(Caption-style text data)

● ● ● ● ● ● ●

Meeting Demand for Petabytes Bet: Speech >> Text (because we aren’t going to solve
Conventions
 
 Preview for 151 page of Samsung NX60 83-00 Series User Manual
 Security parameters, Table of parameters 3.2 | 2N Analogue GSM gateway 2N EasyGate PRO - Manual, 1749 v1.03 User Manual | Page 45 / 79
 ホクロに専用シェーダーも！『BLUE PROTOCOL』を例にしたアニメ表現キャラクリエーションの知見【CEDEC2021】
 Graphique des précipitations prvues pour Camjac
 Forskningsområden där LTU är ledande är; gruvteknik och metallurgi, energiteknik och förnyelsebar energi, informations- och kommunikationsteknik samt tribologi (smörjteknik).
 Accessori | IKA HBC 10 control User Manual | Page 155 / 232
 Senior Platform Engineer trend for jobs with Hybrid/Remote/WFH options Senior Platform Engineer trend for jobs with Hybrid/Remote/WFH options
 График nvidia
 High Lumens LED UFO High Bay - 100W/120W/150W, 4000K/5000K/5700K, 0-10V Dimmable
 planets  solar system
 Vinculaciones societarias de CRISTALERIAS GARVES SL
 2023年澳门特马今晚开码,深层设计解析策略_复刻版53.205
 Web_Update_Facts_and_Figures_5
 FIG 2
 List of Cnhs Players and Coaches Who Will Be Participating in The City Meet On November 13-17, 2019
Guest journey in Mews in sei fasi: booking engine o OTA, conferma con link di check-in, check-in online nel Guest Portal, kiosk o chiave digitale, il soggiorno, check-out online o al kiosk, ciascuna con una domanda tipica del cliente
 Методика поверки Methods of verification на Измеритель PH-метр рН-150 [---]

● ● ● ● ● ● ●

- _Task instructions_: Please write out exactly the line containing "2023年澳门特马今晚开码,深层设计解析策略_复刻版53.205" and every line after it through the end of the records, nothing more.

- _Solution_:
 2023年澳门特马今晚开码,深层设计解析策略_复刻版53.205
 Web_Update_Facts_and_Figures_5
 FIG 2
 List of Cnhs Players and Coaches Who Will Be Participating in The City Meet On November 13-17, 2019
Guest journey in Mews in sei fasi: booking engine o OTA, conferma con link di check-in, check-in online nel Guest Portal, kiosk o chiave digitale, il soggiorno, check-out online o al kiosk, ciascuna con una domanda tipica del cliente
 Методика поверки Methods of verification на Измеритель PH-метр рН-150 [---]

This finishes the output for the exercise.